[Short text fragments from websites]
##########
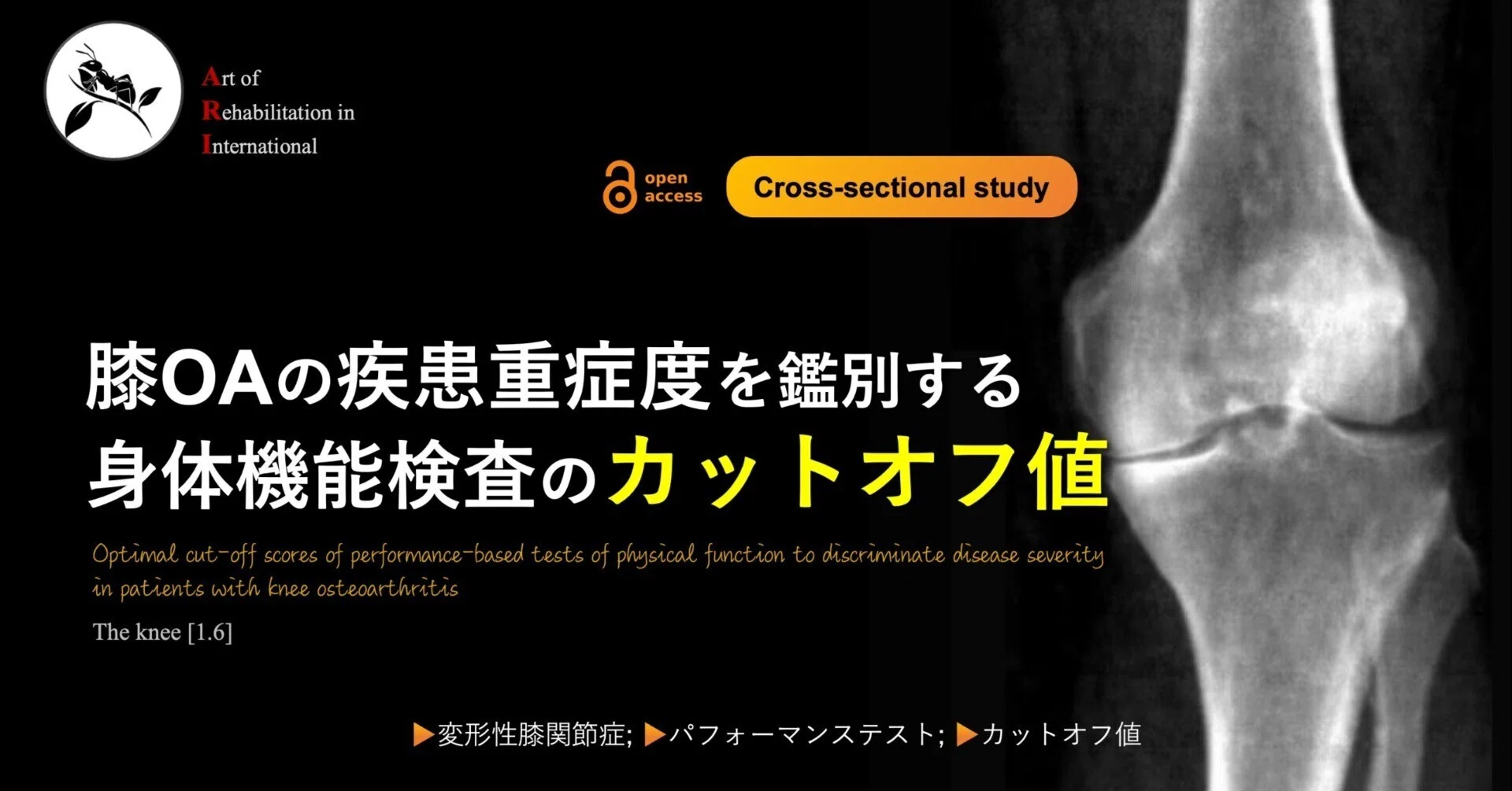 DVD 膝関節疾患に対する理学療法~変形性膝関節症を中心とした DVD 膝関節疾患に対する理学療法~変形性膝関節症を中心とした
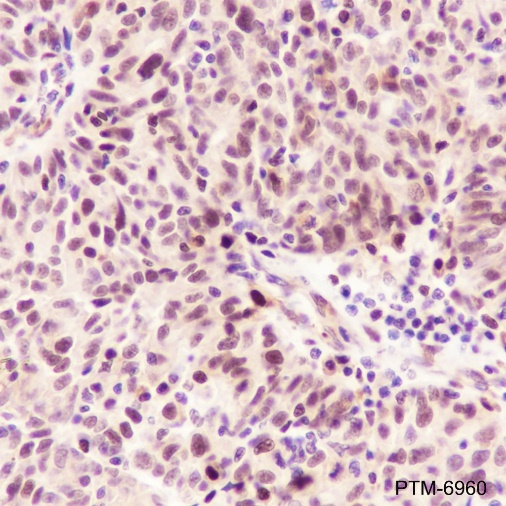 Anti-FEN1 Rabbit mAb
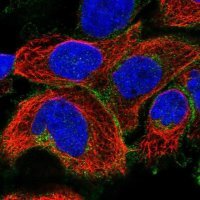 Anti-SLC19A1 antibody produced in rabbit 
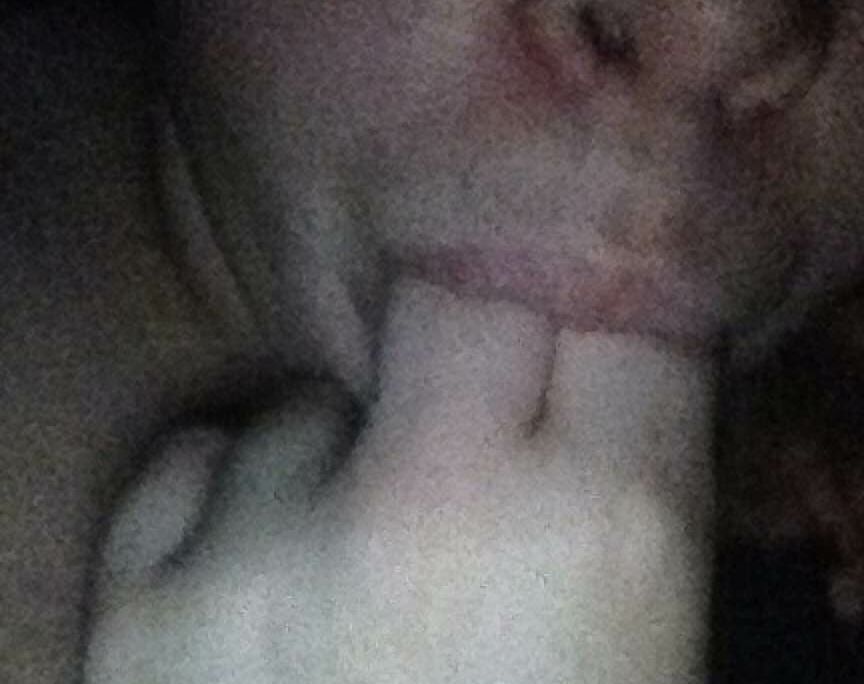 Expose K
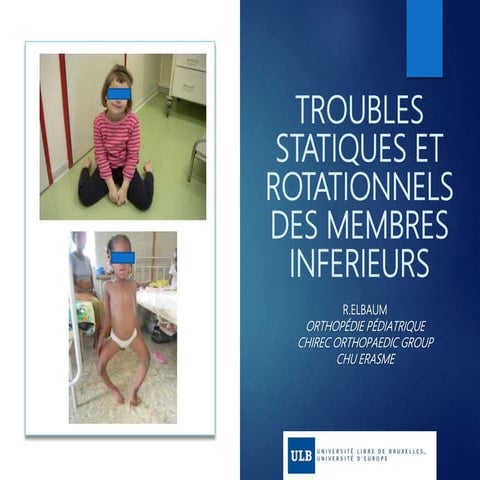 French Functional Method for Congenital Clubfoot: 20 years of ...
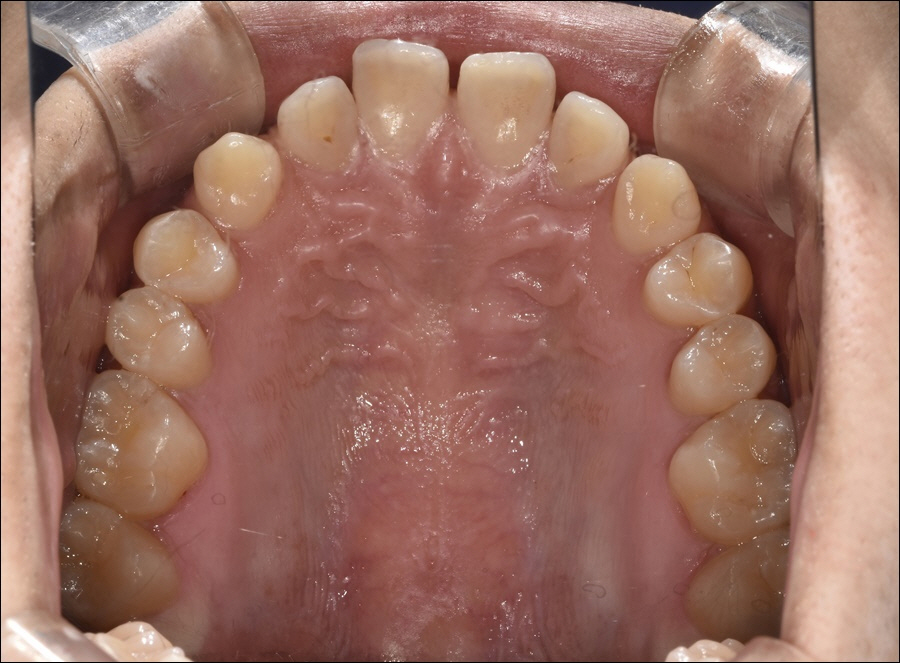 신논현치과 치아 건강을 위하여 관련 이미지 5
##########
- _Required action_:
Produce an exact copy of every line above, with the images left out.

- _Exercise solution_:
 DVD 膝関節疾患に対する理学療法~変形性膝関節症を中心とした DVD 膝関節疾患に対する理学療法~変形性膝関節症を中心とした
 Anti-FEN1 Rabbit mAb
 Anti-SLC19A1 antibody produced in rabbit 
 Expose K
 French Functional Method for Congenital Clubfoot: 20 years of ...
 신논현치과 치아 건강을 위하여 관련 이미지 5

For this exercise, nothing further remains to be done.